**Assignment**
Beginning with the line where "Bán Nhà Nguyễn" appears, please restate each line of the records below word for word until the last one, inclusive, and nothing else.
########
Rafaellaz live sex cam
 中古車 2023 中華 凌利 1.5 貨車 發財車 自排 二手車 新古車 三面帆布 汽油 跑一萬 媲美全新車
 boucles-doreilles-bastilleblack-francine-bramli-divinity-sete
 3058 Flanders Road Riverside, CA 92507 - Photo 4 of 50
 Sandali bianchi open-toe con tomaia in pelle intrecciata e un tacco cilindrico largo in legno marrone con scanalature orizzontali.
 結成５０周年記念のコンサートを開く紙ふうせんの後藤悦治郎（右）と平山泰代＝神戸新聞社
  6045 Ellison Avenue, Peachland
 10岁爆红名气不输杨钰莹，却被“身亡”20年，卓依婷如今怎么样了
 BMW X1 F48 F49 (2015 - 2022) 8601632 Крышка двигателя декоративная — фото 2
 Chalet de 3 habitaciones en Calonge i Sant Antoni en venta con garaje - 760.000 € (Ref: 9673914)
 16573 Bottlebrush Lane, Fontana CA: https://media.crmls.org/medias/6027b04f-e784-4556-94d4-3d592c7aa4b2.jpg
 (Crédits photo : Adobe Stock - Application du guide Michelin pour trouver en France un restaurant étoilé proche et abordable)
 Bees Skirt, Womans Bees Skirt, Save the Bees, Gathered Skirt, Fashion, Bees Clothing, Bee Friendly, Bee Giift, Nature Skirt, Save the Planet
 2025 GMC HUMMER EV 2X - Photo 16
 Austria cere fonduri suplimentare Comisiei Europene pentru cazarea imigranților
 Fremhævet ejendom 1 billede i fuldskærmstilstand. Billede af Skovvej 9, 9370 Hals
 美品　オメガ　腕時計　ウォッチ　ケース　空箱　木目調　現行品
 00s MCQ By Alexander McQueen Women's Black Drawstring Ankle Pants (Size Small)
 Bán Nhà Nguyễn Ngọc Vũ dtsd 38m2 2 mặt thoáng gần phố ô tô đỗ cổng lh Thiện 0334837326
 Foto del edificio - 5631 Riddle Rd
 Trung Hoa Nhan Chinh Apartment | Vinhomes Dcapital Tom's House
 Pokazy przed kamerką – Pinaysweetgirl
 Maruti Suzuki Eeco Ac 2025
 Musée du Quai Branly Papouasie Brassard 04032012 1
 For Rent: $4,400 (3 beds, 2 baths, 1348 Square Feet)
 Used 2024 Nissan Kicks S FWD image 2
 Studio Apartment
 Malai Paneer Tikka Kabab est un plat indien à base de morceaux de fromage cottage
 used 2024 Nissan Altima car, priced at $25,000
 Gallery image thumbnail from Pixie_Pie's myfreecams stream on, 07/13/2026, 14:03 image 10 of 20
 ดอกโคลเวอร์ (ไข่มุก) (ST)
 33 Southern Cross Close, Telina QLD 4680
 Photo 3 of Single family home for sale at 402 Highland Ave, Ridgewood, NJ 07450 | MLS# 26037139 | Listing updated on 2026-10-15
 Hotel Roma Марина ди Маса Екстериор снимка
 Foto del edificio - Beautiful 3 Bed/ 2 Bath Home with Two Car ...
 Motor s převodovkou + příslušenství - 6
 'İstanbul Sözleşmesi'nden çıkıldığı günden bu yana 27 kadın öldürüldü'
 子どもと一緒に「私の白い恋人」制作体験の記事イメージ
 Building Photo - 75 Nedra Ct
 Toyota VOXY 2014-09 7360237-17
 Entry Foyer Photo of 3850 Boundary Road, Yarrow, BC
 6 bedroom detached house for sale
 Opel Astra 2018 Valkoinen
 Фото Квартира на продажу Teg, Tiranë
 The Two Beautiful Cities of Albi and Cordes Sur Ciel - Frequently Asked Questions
########
**Reply to the task**
 Bán Nhà Nguyễn Ngọc Vũ dtsd 38m2 2 mặt thoáng gần phố ô tô đỗ cổng lh Thiện 0334837326
 Foto del edificio - 5631 Riddle Rd
 Trung Hoa Nhan Chinh Apartment | Vinhomes Dcapital Tom's House
 Pokazy przed kamerką – Pinaysweetgirl
 Maruti Suzuki Eeco Ac 2025
 Musée du Quai Branly Papouasie Brassard 04032012 1
 For Rent: $4,400 (3 beds, 2 baths, 1348 Square Feet)
 Used 2024 Nissan Kicks S FWD image 2
 Studio Apartment
 Malai Paneer Tikka Kabab est un plat indien à base de morceaux de fromage cottage
 used 2024 Nissan Altima car, priced at $25,000
 Gallery image thumbnail from Pixie_Pie's myfreecams stream on, 07/13/2026, 14:03 image 10 of 20
 ดอกโคลเวอร์ (ไข่มุก) (ST)
 33 Southern Cross Close, Telina QLD 4680
 Photo 3 of Single family home for sale at 402 Highland Ave, Ridgewood, NJ 07450 | MLS# 26037139 | Listing updated on 2026-10-15
 Hotel Roma Марина ди Маса Екстериор снимка
 Foto del edificio - Beautiful 3 Bed/ 2 Bath Home with Two Car ...
 Motor s převodovkou + příslušenství - 6
 'İstanbul Sözleşmesi'nden çıkıldığı günden bu yana 27 kadın öldürüldü'
 子どもと一緒に「私の白い恋人」制作体験の記事イメージ
 Building Photo - 75 Nedra Ct
 Toyota VOXY 2014-09 7360237-17
 Entry Foyer Photo of 3850 Boundary Road, Yarrow, BC
 6 bedroom detached house for sale
 Opel Astra 2018 Valkoinen
 Фото Квартира на продажу Teg, Tiranë
 The Two Beautiful Cities of Albi and Cordes Sur Ciel - Frequently Asked Questions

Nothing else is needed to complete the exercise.